[[ STORED DATA, beginning ]]

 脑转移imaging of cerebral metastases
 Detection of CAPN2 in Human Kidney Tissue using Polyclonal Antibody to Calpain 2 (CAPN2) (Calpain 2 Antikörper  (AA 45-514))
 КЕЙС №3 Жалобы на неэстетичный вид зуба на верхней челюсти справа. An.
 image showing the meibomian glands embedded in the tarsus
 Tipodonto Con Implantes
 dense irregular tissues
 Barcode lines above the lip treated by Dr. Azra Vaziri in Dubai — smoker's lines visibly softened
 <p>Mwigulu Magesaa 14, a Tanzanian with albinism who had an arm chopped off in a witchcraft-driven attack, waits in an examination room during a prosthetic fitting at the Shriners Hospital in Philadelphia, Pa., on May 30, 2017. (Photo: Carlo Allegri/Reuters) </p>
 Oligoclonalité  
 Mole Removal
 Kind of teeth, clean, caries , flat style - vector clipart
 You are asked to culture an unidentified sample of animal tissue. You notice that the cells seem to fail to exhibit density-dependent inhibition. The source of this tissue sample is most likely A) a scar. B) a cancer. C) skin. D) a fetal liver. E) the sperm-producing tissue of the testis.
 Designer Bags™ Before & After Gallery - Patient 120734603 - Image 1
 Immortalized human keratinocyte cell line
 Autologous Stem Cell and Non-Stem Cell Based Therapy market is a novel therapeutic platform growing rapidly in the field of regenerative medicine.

[[ STORED DATA, end ]]

**TASK PROMPT:**
Copy out the whole listing exactly; please set it all down.

**THE ANSWER:**
 脑转移imaging of cerebral metastases
 Detection of CAPN2 in Human Kidney Tissue using Polyclonal Antibody to Calpain 2 (CAPN2) (Calpain 2 Antikörper  (AA 45-514))
 КЕЙС №3 Жалобы на неэстетичный вид зуба на верхней челюсти справа. An.
 image showing the meibomian glands embedded in the tarsus
 Tipodonto Con Implantes
 dense irregular tissues
 Barcode lines above the lip treated by Dr. Azra Vaziri in Dubai — smoker's lines visibly softened
 <p>Mwigulu Magesaa 14, a Tanzanian with albinism who had an arm chopped off in a witchcraft-driven attack, waits in an examination room during a prosthetic fitting at the Shriners Hospital in Philadelphia, Pa., on May 30, 2017. (Photo: Carlo Allegri/Reuters) </p>
 Oligoclonalité  
 Mole Removal
 Kind of teeth, clean, caries , flat style - vector clipart
 You are asked to culture an unidentified sample of animal tissue. You notice that the cells seem to fail to exhibit density-dependent inhibition. The source of this tissue sample is most likely A) a scar. B) a cancer. C) skin. D) a fetal liver. E) the sperm-producing tissue of the testis.
 Designer Bags™ Before & After Gallery - Patient 120734603 - Image 1
 Immortalized human keratinocyte cell line
 Autologous Stem Cell and Non-Stem Cell Based Therapy market is a novel therapeutic platform growing rapidly in the field of regenerative medicine.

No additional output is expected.